My husband, Jacob, was the first man I dated who didn't care whether or not I kept my name when we married. In my previous relationships there had been a lot of back and forth about carrying on the line and being the only male heir. Though I'm still confused as to what, exactly, my ex-boyfriends were due to inherit and/or carry on, as none of them were actual royals and/or cast members on Downton Abbey...
The majority of my married friends have taken their husbands names. Many of them have confided in me after the fact that they went through a sort of mourning period for their old names, feeling like they left something behind. Some are happy to be rid of names they disliked their whole lives. Others are proud. But no one is ambivalent. When Jacob and I got engaged, one of my best friends texted me, joking that I should add the second hyphen. That seemed like a good idea until I actually said it out loud: Once a third last name gets added to the mix, your family begins to sound like a law firm.

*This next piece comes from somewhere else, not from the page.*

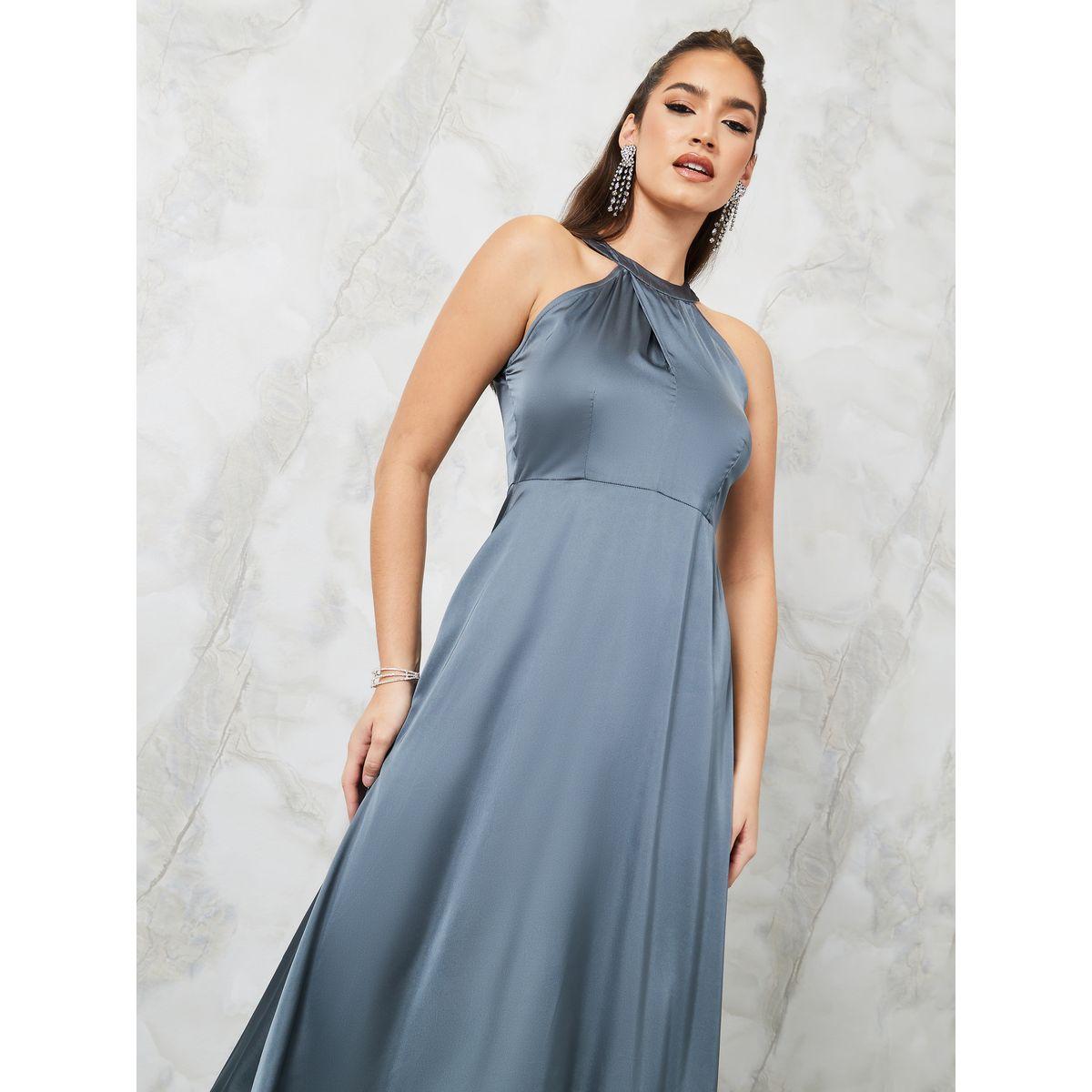 Styli Halter Neck Satin A-Line Maxi Dress-women-clothing-dresses-image-2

People I'm not especially close to will ask, "Are you keeping your last name for professional reasons?" or "Do you not like your husband's last name?" or even "What happens when you have a baby?" Jacob, who remains my absolute favorite person (which is a lovely coincidence because he happens to be my husband), once suggested that we create a new name for our family, given that we have nearly endless letters to choose from. In return, I proposed giving our children only first names, like Cher or Prince (this did not go over so well).
These days, I receive more and more junk mail addressed to Mr. Drew Conklin, Conklin being my husband's last name. While Jacob and I plan for the future ahead, I find myself torn between retaining my individuality and wanting our family to be recognized as a whole. So how many hyphens can one house hold? I'm smart enough to admit that I don't have all the answers, so please don't ask what we'll name our future offspring. I do know that for me, keeping my last name honors both my family history and my path to creating a new home with my husband. For now, that's all that matters.